Thank you, @histlib, for your comments and feedback on the lesson! There is a lot here between the two reviews, so I will take a little bit to go through it and offer my own recommendations to the authors. I will post my comments here within a week.

Thank you again to both @bmw9t and @histlib for the reviews! While additional comments are always welcome, the review phase for this lesson is now closed.

jerielizabeth commented 7 years ago

Thank you again, @histlib and @bmw9t for these excellent reviews! and thank you @shawngraham for the suggestion of additional information on how to use a new corpus for analysis.

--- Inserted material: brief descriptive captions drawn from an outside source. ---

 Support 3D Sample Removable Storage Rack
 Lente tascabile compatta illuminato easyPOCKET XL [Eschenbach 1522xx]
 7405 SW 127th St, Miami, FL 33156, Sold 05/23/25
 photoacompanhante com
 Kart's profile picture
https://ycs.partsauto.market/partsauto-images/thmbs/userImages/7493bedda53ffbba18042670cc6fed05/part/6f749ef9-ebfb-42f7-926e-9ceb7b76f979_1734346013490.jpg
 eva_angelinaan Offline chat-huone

@nolauren and @statsmaths, it seems that the overall consensus in the reviews is that some more explanatory text, both with regards to R syntax and with regards to statistical concepts, would help people using this lesson better understand not only how to use these libraries, but how those libraries are working. We should probably decide what difficulty to set this lesson at. I think it makes a good intermediate lesson, but since we have very little R-focused materials on the site, I agree with the reviewers that additional explanation would be useful. Screenshots of outputs so that users know that they are on the right track would be a useful addition throughout the lesson. I think it would also be useful to state that this lesson assumes that the reader is working in the R Console (and include a version range that this lesson should work with). I also think the opening sections would benefit from some explanation about the packages — what they do and what they include — especially to help people think critically about these functions and to avoid a reliance on “magic”.

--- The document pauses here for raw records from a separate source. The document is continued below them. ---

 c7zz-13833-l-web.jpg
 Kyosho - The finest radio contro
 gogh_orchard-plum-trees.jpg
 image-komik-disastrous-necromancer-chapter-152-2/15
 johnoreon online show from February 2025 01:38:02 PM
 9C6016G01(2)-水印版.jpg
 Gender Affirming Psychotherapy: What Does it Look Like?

To Shawn’s point that it would be helpful to illustrate how one could use a different dataset, would it be possible to provide the text files for download as part of the lesson and discuss any formatting requirements that might need to be done to do the same process on a different set of texts? I am in favor of having people pull in from the server in the lesson to avoid inevitable problems of people renaming or saving the files to an unexpected location. Perhaps as an optional “if you are interested in examining the files, you can download them here” and then provide a code example of how to load in from a local directory down in paragraph 24. That would also address Brandon’s trouble accessing the GitHub servers while on a campus network. And yes, I’ll make a note that we need to update the urls when we move the lesson over to the main site.

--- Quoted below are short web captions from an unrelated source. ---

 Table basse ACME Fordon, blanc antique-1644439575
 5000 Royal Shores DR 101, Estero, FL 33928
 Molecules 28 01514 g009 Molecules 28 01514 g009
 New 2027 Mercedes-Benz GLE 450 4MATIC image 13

As you work through the rest of the feedback from the reviewers, I will leave this space open for you to ask for clarification from myself or from them about suggested edits or particular areas for additional explanatory text.

Our recommended timeframe for revisions is 4 week, which would put us at March 1. Let me know if you need more time than that.

Thank you again for this lesson, I think it will make an excellent addition to the Programming Historian. And thank you again to the reviewers for the thorough and helpful feedback!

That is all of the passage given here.